The error in American Airlines' software that delayed flights last night originated from a duplicate map of Ronald Reagan Washington National Airport, and it won't be fixed until an update is pushed out May 8th, says Michael Pound, a spokesman for Jeppesen, the Boeing subsidiary that makes American's app. Until then, pilots will rely on either print-outs or PDFs of the airport accessed through a separate app, Pound says.
American Airlines became the first airline to get FAA approval — in 2012 — for iPad use in all stages of flight. Though many airlines use iPads as electronic flight bags, the version of software American uses is unique, so it's the only airline affected by the glitch.
"We found one single chart in the database causing the app to become unresponsive."
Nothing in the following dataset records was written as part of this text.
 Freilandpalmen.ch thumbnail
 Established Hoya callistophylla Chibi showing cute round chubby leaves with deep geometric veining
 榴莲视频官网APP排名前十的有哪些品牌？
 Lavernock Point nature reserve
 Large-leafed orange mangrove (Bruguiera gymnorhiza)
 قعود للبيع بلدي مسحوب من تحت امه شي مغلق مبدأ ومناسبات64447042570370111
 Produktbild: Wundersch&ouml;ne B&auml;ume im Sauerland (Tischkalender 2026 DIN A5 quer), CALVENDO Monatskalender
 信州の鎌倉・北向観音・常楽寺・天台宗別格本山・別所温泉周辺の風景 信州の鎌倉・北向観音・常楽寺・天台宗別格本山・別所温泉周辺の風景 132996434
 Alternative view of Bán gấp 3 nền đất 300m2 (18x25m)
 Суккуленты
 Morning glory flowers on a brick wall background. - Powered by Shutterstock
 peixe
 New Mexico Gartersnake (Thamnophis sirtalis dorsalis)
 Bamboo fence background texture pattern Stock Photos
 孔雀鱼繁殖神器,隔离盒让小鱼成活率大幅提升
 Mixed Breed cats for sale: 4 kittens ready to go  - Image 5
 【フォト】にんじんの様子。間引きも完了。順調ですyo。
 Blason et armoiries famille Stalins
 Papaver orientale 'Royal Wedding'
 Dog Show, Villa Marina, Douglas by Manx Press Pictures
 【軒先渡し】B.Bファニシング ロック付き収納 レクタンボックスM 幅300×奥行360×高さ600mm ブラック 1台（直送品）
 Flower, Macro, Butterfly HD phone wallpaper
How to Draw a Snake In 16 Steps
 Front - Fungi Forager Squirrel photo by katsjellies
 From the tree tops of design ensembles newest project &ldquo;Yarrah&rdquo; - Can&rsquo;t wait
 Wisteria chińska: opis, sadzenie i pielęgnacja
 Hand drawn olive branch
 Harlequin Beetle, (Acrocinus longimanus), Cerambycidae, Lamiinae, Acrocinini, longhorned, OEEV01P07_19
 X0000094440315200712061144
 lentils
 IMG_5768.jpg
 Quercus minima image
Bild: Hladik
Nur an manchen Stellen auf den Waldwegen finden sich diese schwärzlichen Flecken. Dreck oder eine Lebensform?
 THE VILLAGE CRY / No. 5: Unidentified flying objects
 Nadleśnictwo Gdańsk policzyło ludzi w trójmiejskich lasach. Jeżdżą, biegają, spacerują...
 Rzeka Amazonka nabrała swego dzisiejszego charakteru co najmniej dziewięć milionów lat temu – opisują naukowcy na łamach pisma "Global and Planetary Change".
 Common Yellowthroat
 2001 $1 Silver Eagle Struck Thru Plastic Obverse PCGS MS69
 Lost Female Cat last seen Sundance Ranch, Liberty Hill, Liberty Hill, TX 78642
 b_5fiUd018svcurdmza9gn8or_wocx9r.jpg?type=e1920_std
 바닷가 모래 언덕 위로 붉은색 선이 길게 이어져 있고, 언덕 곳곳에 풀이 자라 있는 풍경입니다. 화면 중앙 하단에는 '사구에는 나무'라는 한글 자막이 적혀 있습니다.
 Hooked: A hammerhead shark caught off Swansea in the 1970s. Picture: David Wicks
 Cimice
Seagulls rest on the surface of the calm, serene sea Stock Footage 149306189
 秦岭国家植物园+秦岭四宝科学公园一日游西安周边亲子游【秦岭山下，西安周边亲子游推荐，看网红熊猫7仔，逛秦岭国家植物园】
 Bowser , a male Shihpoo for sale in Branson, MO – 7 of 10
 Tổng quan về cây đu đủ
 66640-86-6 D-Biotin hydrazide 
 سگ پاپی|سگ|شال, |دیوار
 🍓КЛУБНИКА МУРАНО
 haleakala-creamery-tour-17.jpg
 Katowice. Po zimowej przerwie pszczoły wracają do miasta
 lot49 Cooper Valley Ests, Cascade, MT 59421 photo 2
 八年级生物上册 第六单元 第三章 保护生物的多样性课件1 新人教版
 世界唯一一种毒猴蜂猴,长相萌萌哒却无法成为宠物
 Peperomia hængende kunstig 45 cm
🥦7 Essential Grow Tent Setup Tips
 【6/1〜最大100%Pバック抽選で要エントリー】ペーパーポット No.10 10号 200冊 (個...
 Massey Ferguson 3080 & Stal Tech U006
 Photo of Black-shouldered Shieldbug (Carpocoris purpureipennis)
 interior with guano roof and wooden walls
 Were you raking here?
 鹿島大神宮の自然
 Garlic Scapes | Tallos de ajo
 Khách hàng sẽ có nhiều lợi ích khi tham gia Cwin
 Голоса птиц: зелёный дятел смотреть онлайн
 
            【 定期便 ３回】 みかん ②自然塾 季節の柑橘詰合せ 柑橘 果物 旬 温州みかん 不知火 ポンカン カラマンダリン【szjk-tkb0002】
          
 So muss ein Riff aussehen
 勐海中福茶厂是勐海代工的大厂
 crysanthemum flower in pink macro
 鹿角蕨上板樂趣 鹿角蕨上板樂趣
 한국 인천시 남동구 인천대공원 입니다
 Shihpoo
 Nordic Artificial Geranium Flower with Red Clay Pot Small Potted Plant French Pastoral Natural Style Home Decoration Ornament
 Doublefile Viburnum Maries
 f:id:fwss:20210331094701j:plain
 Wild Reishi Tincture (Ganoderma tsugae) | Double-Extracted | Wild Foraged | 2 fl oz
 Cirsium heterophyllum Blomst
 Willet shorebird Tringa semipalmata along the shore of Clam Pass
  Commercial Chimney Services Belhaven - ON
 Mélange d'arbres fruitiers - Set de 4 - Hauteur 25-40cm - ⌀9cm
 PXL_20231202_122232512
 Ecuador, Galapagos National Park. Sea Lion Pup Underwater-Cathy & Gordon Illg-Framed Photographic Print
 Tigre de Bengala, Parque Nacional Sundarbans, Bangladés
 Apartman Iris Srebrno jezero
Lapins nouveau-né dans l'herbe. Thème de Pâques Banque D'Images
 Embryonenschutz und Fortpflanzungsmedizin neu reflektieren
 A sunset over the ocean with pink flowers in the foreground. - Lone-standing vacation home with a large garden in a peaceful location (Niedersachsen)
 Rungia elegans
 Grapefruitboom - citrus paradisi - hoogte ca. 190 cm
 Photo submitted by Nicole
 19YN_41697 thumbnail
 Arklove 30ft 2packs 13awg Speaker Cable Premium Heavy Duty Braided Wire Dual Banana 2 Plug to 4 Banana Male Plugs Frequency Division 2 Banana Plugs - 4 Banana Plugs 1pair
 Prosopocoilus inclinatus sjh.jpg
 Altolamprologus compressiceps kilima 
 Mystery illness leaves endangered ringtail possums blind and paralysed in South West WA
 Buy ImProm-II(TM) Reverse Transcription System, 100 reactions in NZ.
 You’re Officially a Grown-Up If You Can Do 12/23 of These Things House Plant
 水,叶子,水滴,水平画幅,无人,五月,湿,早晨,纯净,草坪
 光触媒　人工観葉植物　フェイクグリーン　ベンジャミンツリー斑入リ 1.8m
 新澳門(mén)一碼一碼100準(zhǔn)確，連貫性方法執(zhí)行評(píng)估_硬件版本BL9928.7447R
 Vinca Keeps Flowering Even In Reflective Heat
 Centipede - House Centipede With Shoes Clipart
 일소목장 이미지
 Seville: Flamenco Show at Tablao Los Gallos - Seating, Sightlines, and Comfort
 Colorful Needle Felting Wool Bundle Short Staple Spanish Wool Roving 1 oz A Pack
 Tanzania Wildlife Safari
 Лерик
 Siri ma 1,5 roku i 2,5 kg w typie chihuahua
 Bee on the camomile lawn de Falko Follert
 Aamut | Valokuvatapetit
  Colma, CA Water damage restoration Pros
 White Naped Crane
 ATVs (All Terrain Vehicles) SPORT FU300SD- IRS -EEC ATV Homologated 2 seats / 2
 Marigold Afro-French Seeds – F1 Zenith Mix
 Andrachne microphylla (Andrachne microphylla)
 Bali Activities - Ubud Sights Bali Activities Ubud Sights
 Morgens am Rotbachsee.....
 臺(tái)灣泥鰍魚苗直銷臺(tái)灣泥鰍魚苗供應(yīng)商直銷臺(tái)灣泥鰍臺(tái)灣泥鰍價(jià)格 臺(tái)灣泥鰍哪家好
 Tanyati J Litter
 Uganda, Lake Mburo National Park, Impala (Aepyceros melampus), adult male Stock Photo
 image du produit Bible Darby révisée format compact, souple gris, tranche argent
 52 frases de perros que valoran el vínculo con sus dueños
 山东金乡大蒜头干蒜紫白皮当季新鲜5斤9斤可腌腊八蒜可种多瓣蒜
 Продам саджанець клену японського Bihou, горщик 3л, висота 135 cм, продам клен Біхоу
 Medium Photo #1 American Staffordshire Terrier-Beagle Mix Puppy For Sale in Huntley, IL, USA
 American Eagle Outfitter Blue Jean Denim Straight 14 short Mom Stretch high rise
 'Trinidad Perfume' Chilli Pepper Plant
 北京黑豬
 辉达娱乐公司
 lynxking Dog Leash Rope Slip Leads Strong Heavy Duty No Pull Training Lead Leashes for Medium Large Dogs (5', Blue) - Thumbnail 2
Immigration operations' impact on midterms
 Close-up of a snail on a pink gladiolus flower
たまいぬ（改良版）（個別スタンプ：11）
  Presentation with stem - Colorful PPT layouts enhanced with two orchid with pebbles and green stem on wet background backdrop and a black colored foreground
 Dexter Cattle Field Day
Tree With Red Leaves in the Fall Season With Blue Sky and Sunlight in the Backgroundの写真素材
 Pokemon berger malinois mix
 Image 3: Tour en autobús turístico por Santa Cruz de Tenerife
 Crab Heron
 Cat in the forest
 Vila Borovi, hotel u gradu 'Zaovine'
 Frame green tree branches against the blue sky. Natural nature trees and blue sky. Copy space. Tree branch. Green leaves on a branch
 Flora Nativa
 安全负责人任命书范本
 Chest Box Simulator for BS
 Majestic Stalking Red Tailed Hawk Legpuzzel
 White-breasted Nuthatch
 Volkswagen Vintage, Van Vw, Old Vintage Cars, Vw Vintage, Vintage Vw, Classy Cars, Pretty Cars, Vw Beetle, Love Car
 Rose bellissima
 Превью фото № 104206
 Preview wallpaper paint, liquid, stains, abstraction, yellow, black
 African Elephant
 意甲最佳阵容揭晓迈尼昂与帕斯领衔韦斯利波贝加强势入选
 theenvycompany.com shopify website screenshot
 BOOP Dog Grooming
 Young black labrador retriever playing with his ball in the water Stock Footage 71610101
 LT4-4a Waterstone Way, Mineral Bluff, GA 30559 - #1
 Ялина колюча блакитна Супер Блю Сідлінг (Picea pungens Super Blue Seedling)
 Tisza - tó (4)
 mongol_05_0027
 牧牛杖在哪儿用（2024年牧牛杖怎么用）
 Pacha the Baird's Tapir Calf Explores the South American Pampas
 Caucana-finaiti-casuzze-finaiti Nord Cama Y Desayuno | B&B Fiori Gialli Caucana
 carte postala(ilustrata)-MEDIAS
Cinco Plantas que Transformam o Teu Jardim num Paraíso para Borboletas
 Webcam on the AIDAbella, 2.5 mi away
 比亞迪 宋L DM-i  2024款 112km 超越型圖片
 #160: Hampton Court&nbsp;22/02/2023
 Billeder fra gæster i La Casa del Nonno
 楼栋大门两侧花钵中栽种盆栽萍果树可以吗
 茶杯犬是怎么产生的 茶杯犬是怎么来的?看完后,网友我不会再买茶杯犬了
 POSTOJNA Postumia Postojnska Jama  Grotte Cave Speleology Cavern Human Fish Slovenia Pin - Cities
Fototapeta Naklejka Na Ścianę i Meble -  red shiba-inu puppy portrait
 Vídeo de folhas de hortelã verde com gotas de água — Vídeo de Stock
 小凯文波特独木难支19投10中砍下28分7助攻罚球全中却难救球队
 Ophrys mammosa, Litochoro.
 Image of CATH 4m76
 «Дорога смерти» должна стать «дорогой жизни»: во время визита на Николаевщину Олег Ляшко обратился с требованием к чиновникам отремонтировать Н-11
"We began to get calls from American saying they were having problems with the app pilots use for navigational charts," Pound says. "We found one single chart in the database causing the app to become unresponsive." The problem is that the chart has the same name as another chart for Ronald Reagan Washington National Airport — and the app can't handle the duplicate.
Not every pilot who was affected was flying to DC — last night, Bill Jacaruso's flight was headed from Dallas/Fort Worth to Austin when both the pilot's and co-pilot's iPads went blank. The outages there could have happened for a number of reasons, Pound says — either because the affected chart was open in the background or because it was stored in the pilots' favorites.
Updated 3PM ET: Jeppesen originally told us that pilots would have to revert to paper; they contacted us after publication to tell us pilots would be able to choose between print-outs of PDFs, or PDFs accessed through a different program on the iPad.